To Automate or Not to Automate? Deciding Which Tests to Automate for Maximum Efficiency

5 min readMar 16, 2023

As we continue to expand our automation testing efforts, it’s critical to establish a reliable system or approach for determining which test cases should be automated.

Building on my previous article where I discussed the differences between manual and automation testing, I would like to continue by sharing a principle-based method for assessing the suitability of a test case for automation.

This approach is not a groundbreaking revelation, as several large organizations utilize it to scale their automation tests. The technique was initially presented by Angie Jones, a former Senior Automation Engineer at Twitter, in a conference talk five years ago, long before Elon Musk’s wild era began.

Let’s begin with the objectives.
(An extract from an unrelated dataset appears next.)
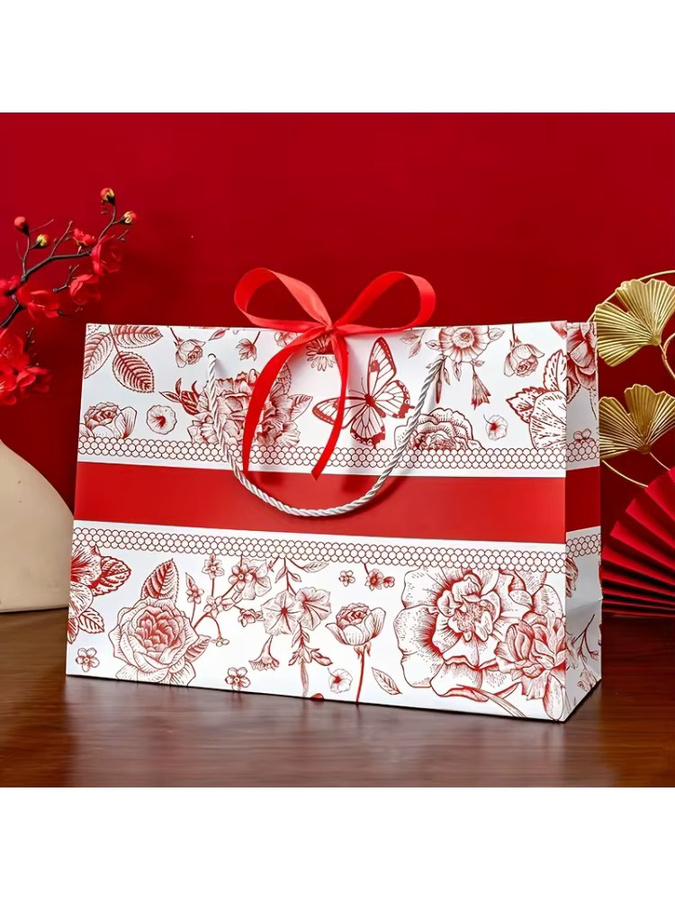 Rote Vintage-Blumen-Geschenktüte aus Papier mit Satinbandschleife für Hochzeiten und Brautgeschenke - Bild 2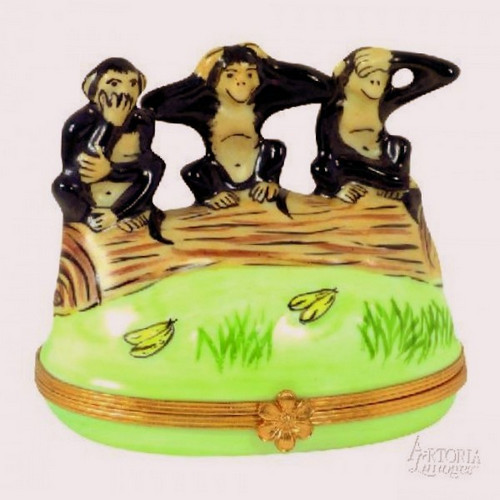 Artoria Three Monkeys Limoges Box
The aims of applying this method in our QA process are the following:

Uncovering the essential factors for choosing which tests to automate effectively
Acquiring the necessary data for informed decision-making
Developing a universal method based on principles to assess whether a test should be automated or not.

To assist in our decision-making process, we can use the table below which outlines several key factors that should be taken into account when considering whether a given scenario or test should be automated. Each column represents a unique aspect that can help guide our decision, including factors such as complexity, impact, and historical data.

By using this table as a reference, we can be sure that we are taking a well-informed and objective approach to our testing process.

G for “Gut Feeling”

As you write your scenario or test case, you may feel a bit like a psychic, relying on your “gut feeling” to determine whether it should be automated or not. Don’t worry, we’ve all been there. But let’s face it, our gut feeling can sometimes be a little too trusting. I mean, have you ever had a gut feeling that you left your stove on, only to come back and find it wasn’t even turned on in the first place? Yeah, me neither.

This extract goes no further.